Is there a one-book for it all .. the sad part is I can hold a superficial conversation about all these things. I’ve gone to Uni, and got A’s in all these subjects, yet I frigging don’t understand how a stack or memory really looks like.
I don’t “get” what a thread really is. How a CPU cache line works, and how it gets invalidated with read/write barriers. Things like TLB, etc.
Any book or maybe a small collection of books to read will really help.
I’m assuming you’ve read “Computer Architecture” by Hennessy & Patterson. But that may not answer your questions. Personally, although I’m an expert in computer architecture, I didn’t learn it from any one place. In fact, I learned a lot from reading Ars Technica and Phoronix articles about every new architecture that came out in the past decade or so.
As for what they REALLY look like, you’ll need to learn chip design. There are two viewpoints you’ll want to explore. One is a CAD-like perspective, where you do schematic capture. You lay out and connect logic blocks together to form digital circuits. The physical layout you make will correspond roughly to the layout you get in hardware. The other angle is to learn to code in a hardware description language like Verilog, although that’s rather abstract, and it requires a lot of intuition about the hardware to relate what you’re coding to how it’s going to turn into hardware.
I googled for images of “static ram structure”, and I found lots of interesting pages that demonstrate how memories work. There are some good images here “http://www.iis.ee.ethz.ch/~kgf/aries/5.html” for instance. You can get into dynamic RAMs later. A static RAM is a rectangular array of 6-transistor blocks. See “http://lwn.net/Articles/250967/” and specifically “http://lwn.net/images/cpumemory/cpumemory.7.png”. Also, “http://www.freepatentsonline.com/7095663-0-large.jpg”. Four of the transistors form two back-to-back inverters, holding a bit value. Two allow access to the signal lines between the inverters, allowing you to coerce them into a different state. These 6T cells are arranged in large rectangular arrays. To read a row, a decoder circuit translates an address into a single signal and asserts that row’s word line, which activates the access transistors, connecting each cell in that row to its bit lines. The two bit lines for each column hold opposite values, which are interpreted by differential sense amplifiers, and you’re read out a row. To write, you do the same but force the bit lines to the correct values.

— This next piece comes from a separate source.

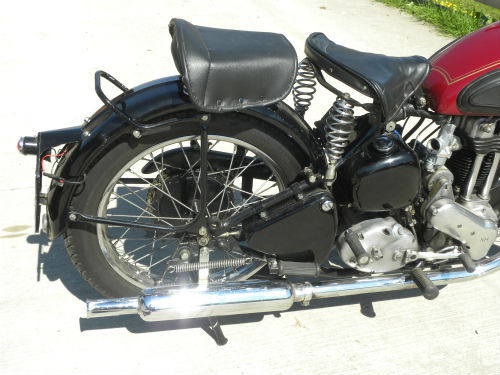 1952 Ariel 350 Red Hunter NH Rear Wheel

A stack is just memory addressed in a particular way. Even in specially-dedicated stack structures in chips, they’re just memory blocks, along with a logic block that increments and decrements an address appropriately.
A cache is another generic memory array, associate with a tag array, which is a particular kind of content addressable memory. A TLB is a special kind of cache. Spending some time googling, you can learn all about these things. The hurdle you have to get over is knowing what search terms to use. I’m happy to help with that.